- [What the exercise asks] Your response needs to be the data below, retyped exactly.

- [Provided material]
◆ ◆ ◆ ◆

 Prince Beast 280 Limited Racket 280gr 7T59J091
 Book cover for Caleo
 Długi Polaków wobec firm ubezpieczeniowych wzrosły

◆ ◆ ◆ ◆

- [Final answer]
 Prince Beast 280 Limited Racket 280gr 7T59J091
 Book cover for Caleo
 Długi Polaków wobec firm ubezpieczeniowych wzrosły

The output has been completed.